Using OS page cache to accelerate disk I/O
Modern OSes aggressively use main memory as page cache. All idle memory is used for disk caching with minimal performance loss when reclaimed. All disk reads/writes go through this unified cache, making it hard to disable. Even if a process keeps its own cache, the data may be duplicated in the OS page cache, effectively storing data twice.
When Kafka writes data to the file system, it synchronously writes to the page cache and asynchronously flushes to disk.
3 Drawbacks of caching data in the JVM
Kafka runs on the JVM, and anyone familiar with Java memory knows two facts:
Object overhead can double or triple the size of stored data.
As heap data grows, garbage collection becomes increasingly costly, consuming resources that could be used for business logic.
4 Advantages of caching data in the file system
Using the file system with page cache is superior to maintaining in‑memory caches for several reasons:
Page cache effectively doubles the usable cache compared to JVM objects, which have high memory overhead.
Storing messages as compressed byte structures saves space and can further double effective cache capacity.
Even on a 32 GB machine, you can achieve 28–30 GB of cache without incurring GC overhead.
The cache remains hot after a broker restart because the OS page cache persists across process restarts.
Code complexity is greatly reduced since consistency between cache and file system is handled by the OS.
If the disk workload favors sequential reads, the OS pre‑read feature fills the cache with useful data ahead of time, which matches Kafka’s sequential consumption pattern.
5 Design recommendations for Kafka’s file‑system storage and caching
Instead of keeping as much data as possible in memory and flushing to the file system only when space runs low, Kafka writes all data immediately to the persistent log (i.e., the OS page cache) and flushes to disk asynchronously.
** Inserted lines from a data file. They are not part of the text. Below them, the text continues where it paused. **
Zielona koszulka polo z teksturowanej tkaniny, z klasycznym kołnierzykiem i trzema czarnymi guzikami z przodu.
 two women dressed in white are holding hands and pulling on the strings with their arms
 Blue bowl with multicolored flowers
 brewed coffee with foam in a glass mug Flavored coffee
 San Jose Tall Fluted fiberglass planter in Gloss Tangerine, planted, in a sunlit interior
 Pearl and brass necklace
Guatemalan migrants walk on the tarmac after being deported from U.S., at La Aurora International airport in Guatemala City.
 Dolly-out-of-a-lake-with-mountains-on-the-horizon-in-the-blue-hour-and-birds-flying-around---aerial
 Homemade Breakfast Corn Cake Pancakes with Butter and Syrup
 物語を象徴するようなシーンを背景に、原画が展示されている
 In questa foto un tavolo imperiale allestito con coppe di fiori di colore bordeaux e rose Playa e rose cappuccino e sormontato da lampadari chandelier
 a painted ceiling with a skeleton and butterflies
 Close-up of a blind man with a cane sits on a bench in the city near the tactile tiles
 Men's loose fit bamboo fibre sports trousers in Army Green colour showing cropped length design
6 Does this synchronous‑to‑page‑cache, asynchronous‑flush design risk data loss if the OS crashes?
If the broker crashes before the page cache is persisted, the data is not lost; a broker restart recovers it. However, if the operating system or physical machine crashes before flushing, the data in the page cache is lost.
Kafka mitigates this risk with replication: the same data is stored on multiple machines so that a failure of one does not result in data loss.
7 Can we control the flush behavior?
Yes. Kafka’s configuration provides log.flush.interval.messages and log.flush.interval.ms to control how many messages or how much time triggers a flush from the page cache to disk. The flush remains asynchronous.
8 Summary
1. Kafka brokers use the file system as both cache and storage, benefiting from OS optimizations.
2. Kafka writes to the page cache synchronously and flushes to disk asynchronously, which is the main reason for its high write throughput.
3. Kafka’s inherent sequential write/read pattern leverages OS pre‑read, reducing costly disk I/O and accelerating data retrieval.